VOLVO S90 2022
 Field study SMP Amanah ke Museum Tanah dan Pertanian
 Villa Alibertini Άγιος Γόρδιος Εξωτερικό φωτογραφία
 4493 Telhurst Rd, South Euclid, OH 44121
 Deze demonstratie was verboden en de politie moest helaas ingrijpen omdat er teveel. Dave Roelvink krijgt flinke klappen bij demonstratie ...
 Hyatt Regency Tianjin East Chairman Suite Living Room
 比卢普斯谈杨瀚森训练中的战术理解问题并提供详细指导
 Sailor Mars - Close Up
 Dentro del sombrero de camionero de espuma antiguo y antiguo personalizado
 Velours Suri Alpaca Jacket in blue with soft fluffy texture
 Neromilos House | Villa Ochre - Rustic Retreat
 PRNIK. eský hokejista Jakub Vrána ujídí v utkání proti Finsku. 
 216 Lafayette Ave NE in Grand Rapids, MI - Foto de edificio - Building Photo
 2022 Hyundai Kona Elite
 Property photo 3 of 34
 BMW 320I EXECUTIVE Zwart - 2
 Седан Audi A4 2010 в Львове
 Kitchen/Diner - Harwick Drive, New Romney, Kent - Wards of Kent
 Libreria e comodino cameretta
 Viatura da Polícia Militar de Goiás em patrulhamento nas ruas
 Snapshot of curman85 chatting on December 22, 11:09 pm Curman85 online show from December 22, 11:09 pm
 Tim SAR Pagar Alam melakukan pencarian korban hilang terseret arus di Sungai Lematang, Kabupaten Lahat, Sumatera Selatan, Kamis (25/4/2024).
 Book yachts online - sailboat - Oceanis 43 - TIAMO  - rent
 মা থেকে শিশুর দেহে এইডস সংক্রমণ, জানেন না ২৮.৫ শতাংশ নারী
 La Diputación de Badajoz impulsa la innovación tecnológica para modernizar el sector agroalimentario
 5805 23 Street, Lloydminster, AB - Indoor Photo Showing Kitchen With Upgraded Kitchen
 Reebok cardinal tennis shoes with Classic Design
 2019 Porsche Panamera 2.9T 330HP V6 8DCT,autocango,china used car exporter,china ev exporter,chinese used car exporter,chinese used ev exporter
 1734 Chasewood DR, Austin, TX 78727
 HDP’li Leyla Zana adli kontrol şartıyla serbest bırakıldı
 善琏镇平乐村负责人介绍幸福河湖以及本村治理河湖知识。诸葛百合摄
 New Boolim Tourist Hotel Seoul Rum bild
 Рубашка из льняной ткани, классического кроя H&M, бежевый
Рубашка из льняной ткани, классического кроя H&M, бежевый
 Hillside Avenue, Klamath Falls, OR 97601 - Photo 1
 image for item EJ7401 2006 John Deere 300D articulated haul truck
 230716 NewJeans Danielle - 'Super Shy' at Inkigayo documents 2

WORK INSTRUCTION
Above are the entries. Copy exactly the part that opens with the line containing "Villa Alibertini Άγιος" and closes with the line containing "BMW 320I EXECUTIVE Zwart - 2", and no more.

RESPONSE BELOW
 Villa Alibertini Άγιος Γόρδιος Εξωτερικό φωτογραφία
 4493 Telhurst Rd, South Euclid, OH 44121
 Deze demonstratie was verboden en de politie moest helaas ingrijpen omdat er teveel. Dave Roelvink krijgt flinke klappen bij demonstratie ...
 Hyatt Regency Tianjin East Chairman Suite Living Room
 比卢普斯谈杨瀚森训练中的战术理解问题并提供详细指导
 Sailor Mars - Close Up
 Dentro del sombrero de camionero de espuma antiguo y antiguo personalizado
 Velours Suri Alpaca Jacket in blue with soft fluffy texture
 Neromilos House | Villa Ochre - Rustic Retreat
 PRNIK. eský hokejista Jakub Vrána ujídí v utkání proti Finsku. 
 216 Lafayette Ave NE in Grand Rapids, MI - Foto de edificio - Building Photo
 2022 Hyundai Kona Elite
 Property photo 3 of 34
 BMW 320I EXECUTIVE Zwart - 2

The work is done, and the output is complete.